(Records provided)

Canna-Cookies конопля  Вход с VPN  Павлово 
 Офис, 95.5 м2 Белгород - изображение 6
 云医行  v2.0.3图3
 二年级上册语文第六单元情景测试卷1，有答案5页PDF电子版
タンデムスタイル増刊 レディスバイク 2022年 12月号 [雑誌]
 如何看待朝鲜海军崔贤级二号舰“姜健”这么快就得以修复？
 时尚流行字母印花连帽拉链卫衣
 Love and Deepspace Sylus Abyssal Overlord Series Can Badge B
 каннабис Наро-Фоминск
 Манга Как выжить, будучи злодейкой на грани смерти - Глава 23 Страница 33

(End Records provided)

**Assignment:**
This calls for an exact transcription of every entry above.

**Written solution:**
Canna-Cookies конопля  Вход с VPN  Павлово 
 Офис, 95.5 м2 Белгород - изображение 6
 云医行  v2.0.3图3
 二年级上册语文第六单元情景测试卷1，有答案5页PDF电子版
タンデムスタイル増刊 レディスバイク 2022年 12月号 [雑誌]
 如何看待朝鲜海军崔贤级二号舰“姜健”这么快就得以修复？
 时尚流行字母印花连帽拉链卫衣
 Love and Deepspace Sylus Abyssal Overlord Series Can Badge B
 каннабис Наро-Фоминск
 Манга Как выжить, будучи злодейкой на грани смерти - Глава 23 Страница 33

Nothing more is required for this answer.